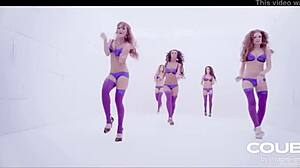 These hot girls are dancing energetically. They bring the rhythm to the floor with style! 💃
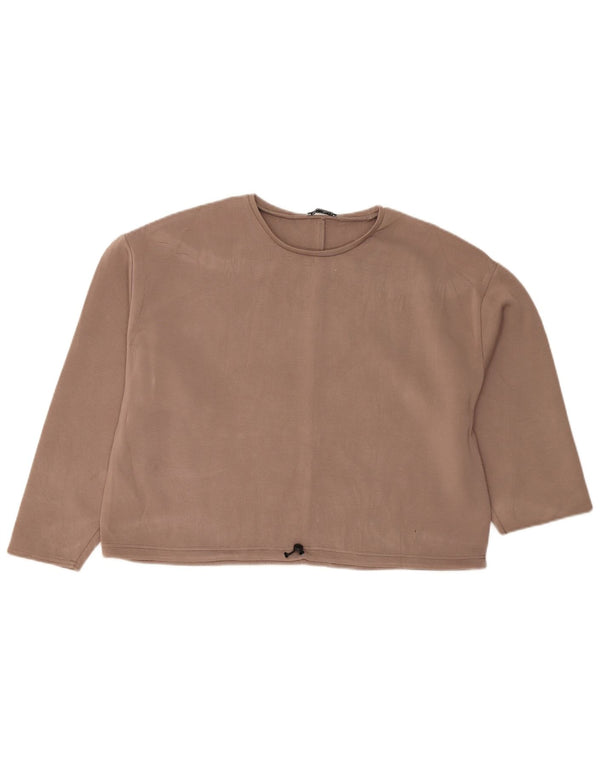 Zara Womens Crop Oversized bluse Top UK 18 XL Brun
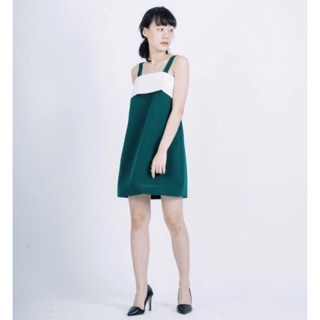 TED Lyra dress เดรสสั้น  ทูโทน สีขาวเขียว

================================

- Exercise brief
Output all the data above verbatim, leaving out images.

- Exercise solution
 These hot girls are dancing energetically. They bring the rhythm to the floor with style! 💃
 Zara Womens Crop Oversized bluse Top UK 18 XL Brun
 TED Lyra dress เดรสสั้น  ทูโทน สีขาวเขียว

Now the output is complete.